Gimnastyka z dzieckiem
Kiedy zostaje się mamą, zwykle nie ma czasu na fitness czy siłownię. Wie o tym także Jagna Marczułajtis, polska snowboardzistka. Ale ma na to sposób – ćwiczy razem ze swoim dzieckiem w domu.
- "Twój Maluszek"
1 z 6
Gimnastyka razem z dzieckiem to same korzyści, zarówno dla ciebie, jak i twojego szkraba. Po pierwsze, nim się spostrzeżesz, zaczniesz gubić zbędne kilogramy i wysmuklisz sylwetkę. Po drugie, maluch będzie się świetnie bawił, a jednocześnie lepiej rozwijał i nabierze większej sprawności. Po trzecie, najważniejsze, codziennie podczas gimnastyki ty i maluch będziecie tylko dla siebie. Zatem pora na ćwiczenia. Podejrzyj, jak wykonuje je Jagna Marczułajtis ze swoją młodszą córeczką Igą.
2 z 6
Jedzie pociąg z daleka
Proste ćwiczenie wymagające jedynie śliskiej podłogi i koca. Jeśli masz w pokoju dywan lub wykładzinę, nie kombinuj z jej składaniem (szybko odechce ci się tego robić), tylko po prostu na to jedno ćwiczenie przenieś gimnastykę do kuchni lub łazienki, gdzie jest podłoga z płytek. Rozłóż na podłodze kocyk i usadów na nim malucha (może leżeć na brzuchu lub pleckach). Sama zaś chwyć materiał za przeciwne rogi i zacznij ciągnąć wraz z dzieckiem.
Co daje? Doskonale ćwiczy mięśnie nóg. Aby wzmocnić efekt, stawiaj długie i posuwiste kroki na przemian z małymi i szybkimi.
3 z 6
Leci samolocik
Usiądź z ugiętymi kolanami, oprzyj szkraba o swoje podudzia (przednie części łydek) i przytrzymuj go za ręce.
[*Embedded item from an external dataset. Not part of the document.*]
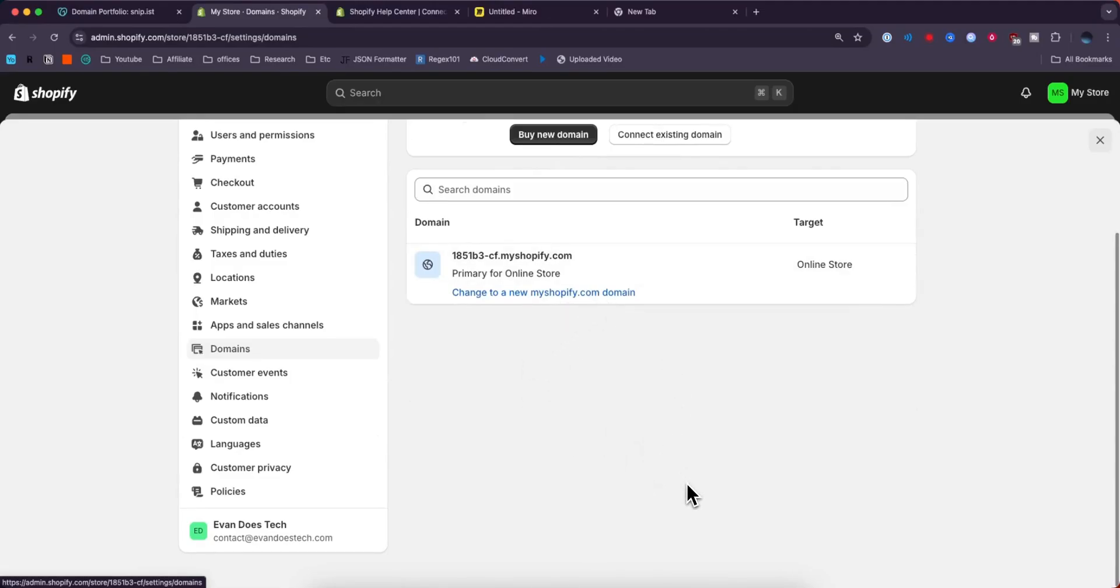So that is how you can connect your GoDaddy domain to your Shopify website. If this video helped you guys out, please leave a like. That's going to do it for this video. Thank you so much for watching and I hope this helped you out.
Następnie przechyl tułów do tyłu, a nogi unieś nad podłogę, tak by malec na twoich łydkach szybował nad podłogą. Na początek podnoś w ten sposób dziecko co najmniej sześć razy. Potem systematycznie, w miarę jak twoje mięśnie będą się wzmacniać, zwiększaj liczbę powtórzeń.
Co daje? To po prostu zmodyfikowana wersja „brzuszków“. Aby popracować też nad bocznymi mięśniami, rób „skosy“, czyli na przemian obiema dłońmi przytrzymuj malucha raz za prawą, raz za lewą rączkę.
4 z 6
Rolujemy naleśnik
Wyobraźcie sobie, że kocyk to ciasto, a malec jest jego słodkim nadzieniem. Poproś szkraba, by położył się na kocyku i zrolował go. Możesz także dziecko sama zawinąć. Gdy maluch już jest szczelnie opatulony, kucając, delikatnie masuj i ugniataj jego ciałko.
Co daje? Kiedy kucasz przy maluszku, ćwiczysz mięśnie nóg. Z kolei u masowanego smyka pobudzane są receptory czucia głębokiego. A to ma doskonały wpływ na jego sprawność ruchową.
5 z 6
Podróż tunelem
Zrób ze swojego ciała tunel: raz wykonując klęk podparty (czyli jakbyś udawała pieska lub kotka), raz tyłem (np. tak jak w ćwiczeniu poniżej, bardziej sprawne mamy mogą także spróbować zrobić mostek), raz bokiem (tak jak na zdjęciu). Twój smyk ma za zadanie przejść za każdym razem innym tunelem. Zacznij od tunelów z dużymi „otworami“, a potem utrudniaj malcowi zadanie i proponuj mu przeciskanie się przez coraz ciaśniejsze tunele.
Co daje? Wersja ze zdjęcia jest doskonała na pozbycie się „schabików“. Wystarczy tylko zmniejszać tunel, na przemian unosząc i opuszczając biodra.
6 z 6
Raczek nieboraczek
Usiądź na podłodze z ugiętymi nogami, smyk zaś niech usiądzie ci na udach i oprze swój tułów o twój brzuch i klatkę piersiową. Kiedy malec już wygodnie leży, ułóż dłonie blisko tułowia i unieś biodra nad ziemię, a następnie opuść. Na początku zrób sześć powtórzeń, potem systematycznie zwiększaj ich liczbę. Możesz również w pozycji z biodrami nad ziemią probować chodzić z malcem w różnych kierunkach po pokoju.
Co daje? Ćwiczenie zmusza do wysiłku mięśnie twojego brzucha i pośladków, jednocześnie wzmacniając ramiona.